Removal of new line character in double quotes

vsairam · May 18, 2010, 9:12am

Hi,

Could you please help me in removal of newline chracter present in between the double quotes and replacing it with space.

For example ...

Every field is wrapped with double quotes with comma delimiter, so I need to travese from first double quote occerence to till second double quote occurence, if any new line chracter present , I need to replace it with space ..simlarly from double quote occurence 3 to 4, etc.

Input :

 
 
"ABCD RENT-A-
CAR XYZ LTD","00N0H","Enterprise Lake
View Way"

Output would be like this ...

 
"ABCD RENT-A -CAR XYZ LTD","00N0H","Enterprise Lake View Way"

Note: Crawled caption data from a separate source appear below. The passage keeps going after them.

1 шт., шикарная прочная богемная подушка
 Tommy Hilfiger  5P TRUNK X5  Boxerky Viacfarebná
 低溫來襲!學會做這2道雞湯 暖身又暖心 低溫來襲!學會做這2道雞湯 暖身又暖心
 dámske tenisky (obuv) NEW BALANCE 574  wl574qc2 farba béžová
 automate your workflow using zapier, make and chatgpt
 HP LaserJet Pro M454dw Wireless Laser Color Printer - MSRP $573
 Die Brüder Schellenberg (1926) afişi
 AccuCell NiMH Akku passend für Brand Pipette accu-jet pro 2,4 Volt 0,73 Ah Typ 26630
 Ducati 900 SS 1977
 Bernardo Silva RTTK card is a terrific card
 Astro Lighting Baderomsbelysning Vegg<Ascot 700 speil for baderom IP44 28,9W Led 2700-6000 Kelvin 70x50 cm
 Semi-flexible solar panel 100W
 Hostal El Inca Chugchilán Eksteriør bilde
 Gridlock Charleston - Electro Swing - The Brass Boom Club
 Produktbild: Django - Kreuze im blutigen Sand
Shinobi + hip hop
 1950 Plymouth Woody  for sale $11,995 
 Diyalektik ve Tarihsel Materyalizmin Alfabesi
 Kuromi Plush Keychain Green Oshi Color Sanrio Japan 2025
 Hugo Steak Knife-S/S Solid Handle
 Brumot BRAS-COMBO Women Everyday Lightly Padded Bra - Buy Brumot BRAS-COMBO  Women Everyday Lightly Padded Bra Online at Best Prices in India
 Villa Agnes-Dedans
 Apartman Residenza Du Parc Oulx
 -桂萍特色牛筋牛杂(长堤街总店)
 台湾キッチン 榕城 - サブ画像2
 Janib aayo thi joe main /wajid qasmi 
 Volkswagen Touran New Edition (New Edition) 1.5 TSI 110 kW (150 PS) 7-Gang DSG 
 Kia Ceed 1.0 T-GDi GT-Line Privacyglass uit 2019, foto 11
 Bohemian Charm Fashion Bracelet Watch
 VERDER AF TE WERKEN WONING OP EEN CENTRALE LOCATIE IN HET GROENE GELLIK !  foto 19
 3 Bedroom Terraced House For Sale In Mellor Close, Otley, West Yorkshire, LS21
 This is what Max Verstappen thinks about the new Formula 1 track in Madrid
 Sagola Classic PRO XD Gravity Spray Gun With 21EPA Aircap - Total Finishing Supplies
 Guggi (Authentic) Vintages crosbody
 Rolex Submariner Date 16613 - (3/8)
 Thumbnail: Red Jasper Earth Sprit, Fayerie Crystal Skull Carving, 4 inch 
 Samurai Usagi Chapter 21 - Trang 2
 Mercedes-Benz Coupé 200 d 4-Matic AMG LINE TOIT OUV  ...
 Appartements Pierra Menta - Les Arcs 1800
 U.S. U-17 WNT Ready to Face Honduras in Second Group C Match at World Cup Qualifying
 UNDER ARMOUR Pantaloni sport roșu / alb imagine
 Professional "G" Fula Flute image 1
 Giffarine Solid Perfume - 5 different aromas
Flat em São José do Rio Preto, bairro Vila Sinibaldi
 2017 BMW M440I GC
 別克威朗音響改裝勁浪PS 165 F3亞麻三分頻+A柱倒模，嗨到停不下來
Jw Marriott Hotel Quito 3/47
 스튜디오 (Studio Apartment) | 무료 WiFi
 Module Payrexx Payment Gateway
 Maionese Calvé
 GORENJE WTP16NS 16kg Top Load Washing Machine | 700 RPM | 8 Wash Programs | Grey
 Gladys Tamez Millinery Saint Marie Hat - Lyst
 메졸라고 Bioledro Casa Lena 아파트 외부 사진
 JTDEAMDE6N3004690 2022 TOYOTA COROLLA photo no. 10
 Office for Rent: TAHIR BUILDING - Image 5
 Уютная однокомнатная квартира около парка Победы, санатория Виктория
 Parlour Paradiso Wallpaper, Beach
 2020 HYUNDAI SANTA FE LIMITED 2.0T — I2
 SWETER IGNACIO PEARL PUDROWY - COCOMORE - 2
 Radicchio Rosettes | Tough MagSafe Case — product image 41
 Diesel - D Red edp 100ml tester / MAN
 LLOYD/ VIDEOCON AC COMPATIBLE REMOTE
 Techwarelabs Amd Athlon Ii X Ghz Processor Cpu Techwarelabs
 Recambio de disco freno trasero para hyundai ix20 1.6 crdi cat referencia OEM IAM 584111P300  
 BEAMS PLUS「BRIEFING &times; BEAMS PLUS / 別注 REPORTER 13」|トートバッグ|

zaxxon · May 18, 2010, 9:16am

If you have GNU sed for example and there is no more lines of text before or after this snippet you can try:

sed -e :a -e 'N; s/\n/ /g; ta' infile
"ABCD RENT-A -CAR XYZ LTD","00N0H","Enterprise Lake View Way"

Franklin52 · May 18, 2010, 9:23am

Another approach with awk :):

awk -F"\"" '!$NF{print;next}{printf("%s ", $0)}' file

alister · May 18, 2010, 1:51pm

Like zaxxon, I also like this approach; clever use of FS and NF.

However, it does have a bug. If the value of $NF is the number zero, !$NF will be true (since $NF is evaluated numerically, instead of as a string), which would be incorrect. The solution would be to use length($NF) or concatenate a null string to force conversion to a string type, $NF"".

Example:

$ cat data
"ABCD RENT-A-
CAR XYZ LTD","00N0H","Enterprise Lake","0
View Way"

$ # Incorrect
awk -F"\"" '!$NF{print;next}{printf("%s ", $0)}' data
"ABCD RENT-A- CAR XYZ LTD","00N0H","Enterprise Lake","0
View Way"

$ # Correct
$  awk -F"\"" '!($NF""){print;next}{printf("%s ", $0)}' data 
"ABCD RENT-A- CAR XYZ LTD","00N0H","Enterprise Lake","0 View Way"

$# Correct
$  awk -F"\"" '!length($NF){print;next}{printf("%s ", $0)}' data
"ABCD RENT-A- CAR XYZ LTD","00N0H","Enterprise Lake","0 View Way"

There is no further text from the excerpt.